You then need to set several inbound rules in the Global Event Rules section of the UI. Of course, this means losing a lot of the functionality that the Nagios integration gives you out-of-the-box.

Next Step:
I plan on forking the Nagios integration and adding handling for these event types, as it’s ultimately cleaner, reduces complexity of use, and still lets us leverage the default Nagios integration. The downside is needing to curate a separate fork of the integration and keep it current with upstream changes.

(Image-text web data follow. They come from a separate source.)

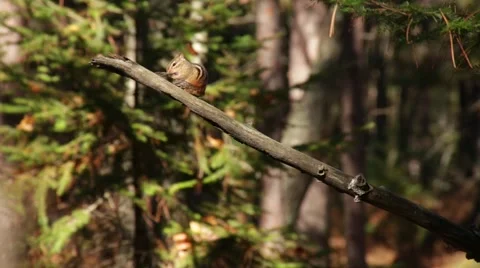 Chipmunk cleaning itself on a wobbly branch Stock Footage 46132958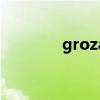 groza（关于groza的介绍）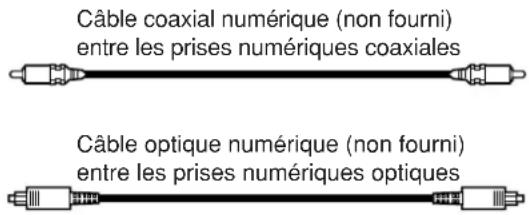 JVC RX5062 - Prises d'entrée numériques - 1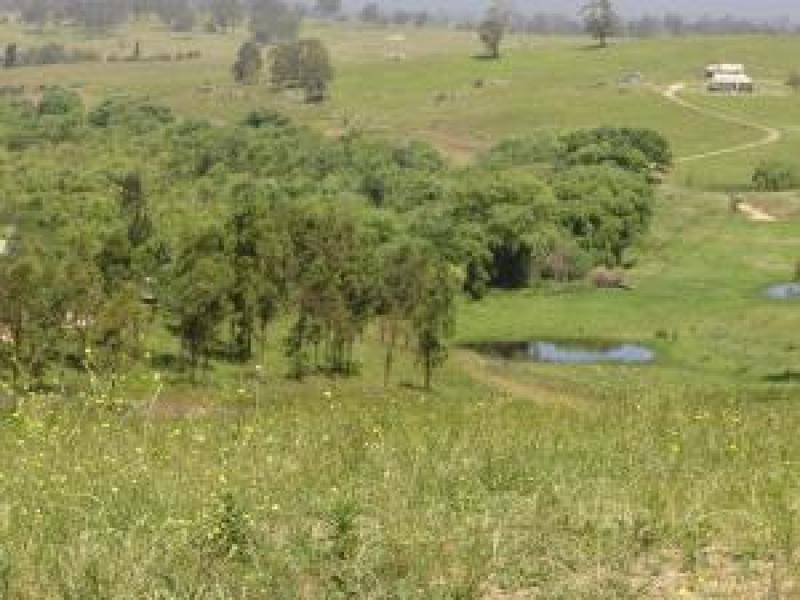 Lot 3 Brianderry Road, Bega NSW 2550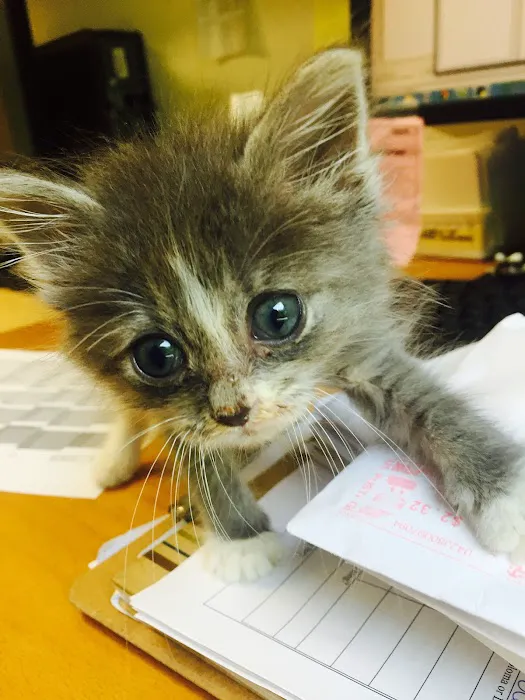 Atlantic Animal Hospital – Port Orange 5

Thoughts, and Open Question to the Community:
Has anyone else come up with a way of elegantly handling flap detection and downtime events from Nagios? What does your process look like?


(Joe Calcada) #2

Thanks for posting Aaron! Hopefully you get some good feedback


(Demitri Morgan) #3

Hi @AaronGoulet ,

There are two other approaches I can think of that one could take.

The first, which I recommend, would be creating a wrapper script. This would require far less long-term maintenance than an outright fork of the pd-nagios script interface with PagerDuty Agent, but would nevertheless have the potential of requiring an update in the future (if the CLI ever changes).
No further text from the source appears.